Finde ich ganz gut, den es ist nur eine Frage der Zeit das auch ein Terror Anschlag oder Amoklauf auf eine Spielemesse passiert.


----------



## MichaelG (3. August 2016)

Ich finde es irgendwie schade, daß man mittlerweile zu solchen Methoden greifen muß, verstehe aber den Hintergrund vollkommen.


----------



## Schallrich (3. August 2016)

Es ist echt zu krass was da in letzter Zeit abgeht.
Ich weiß schon warum ich nicht zur Messe fahre.
A) Der weg lohnt sich nicht um
B) lärmende Kiddis zu besichtigen da kann ich
C) in den Kindergarten für gehen und außerdem ist
D) das Messegelände viel zu klein.

Trotzdem viel Spaß an alle die die Messe besuchen.


----------



## Svatlas (3. August 2016)

Wie bitte soll ich dann meine Pokemon-Go Autobatterie transportieren?
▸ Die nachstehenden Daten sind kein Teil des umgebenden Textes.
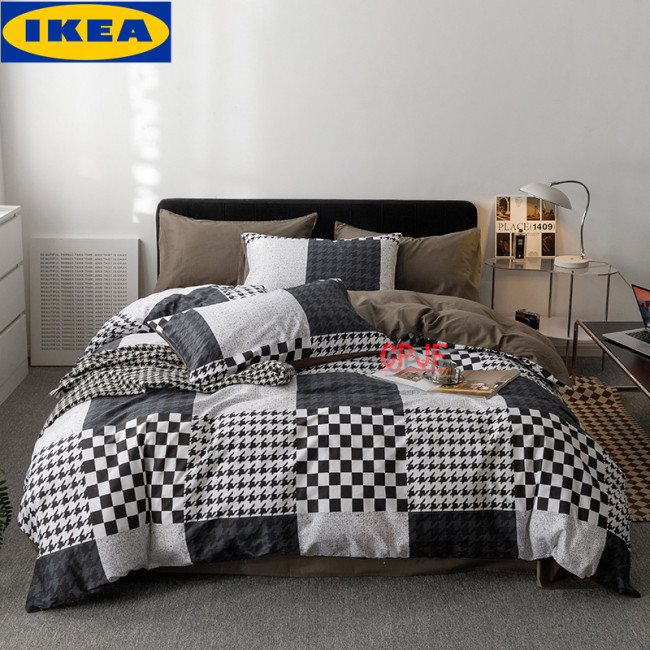 Bedclothes IKEA 234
Ich finde Sicherheit immer gut, aber irgendwie ist das etwas überspitzt. Ich denke mit guten Kontrollen lässt sich das doch einigermaßen kontrollieren. Ich würde bestimmt nicht mit einem Parker auf die Messe gehen. Da bleibe ich lieber zu Hause und muss nicht die überteuerten Preise (Trinken/Essen)bezahlen. 
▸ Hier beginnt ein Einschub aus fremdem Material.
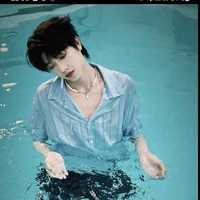 Trương Quế Nguyên 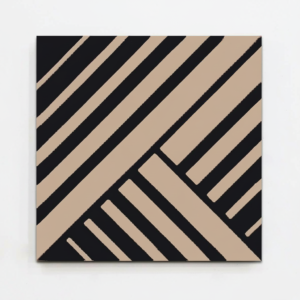 Gạch bông vuông 20x20 V20-789-T01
Vielleicht wird es auch eine FKK-Gamescom.


----------



## WeeFilly (3. August 2016)

Schade. Sehr schade, dass man sich mittlerweile derartig verkrüppeln muss, nur um dem "Terror" einhalt zu gebieten -  wie wenig der sich durch "erhöhte Sicherheitskontrollen" beinflussen lässt, hat die Vergangenheit ja schon oft genug gezeigt. Aber der Terror hat wieder mal erreicht, was er will. Großartig.


----------



## Wut-Gamer (3. August 2016)

Was soll ich auf einer Messe ohne Rucksack? Und was soll eine Messe ohne (richtige) Cosplayer? Ist doch irgendwie sinnlos...


----------



## xNomAnorx (3. August 2016)

Bei allem Verständnis für diese Bitte: Als Besucher würde ich ihr nicht nachkommen.
An einem Messetag verbringt man mehrere Stunden mit Herumlaufen und -stehen zwischen gigantischen, schwitzenden Menschenmassen und das alles normalerweise bei brütender Hitze. Da ist gute Verpflegung Pflicht und die kann man nicht ohne Tasche oder Rucksack mit sich tragen. Das Kaufen des gesamten Trinkens und Essens vor Ort würde nicht nur extrem viel kosten, sondern durch zusätzliches Anstehen enorm viel Zeit kosten. 
Da würde ich lieber länger beim Einlass warten, damit mein Rucksack in Ruhe kontrolliert werden kann.


----------



## Spassbremse (3. August 2016)

Hm, ich habe ja durchaus Verständnis für die Angst der Menschen und das daraus resultierende, erhöhte Sicherheitsbedürfnis.
Ebenso für das Bestreben der Verantwortlichen, alle möglichen Maßnahmen zu treffen, um eben jene Sicherheit zu gewährleisten.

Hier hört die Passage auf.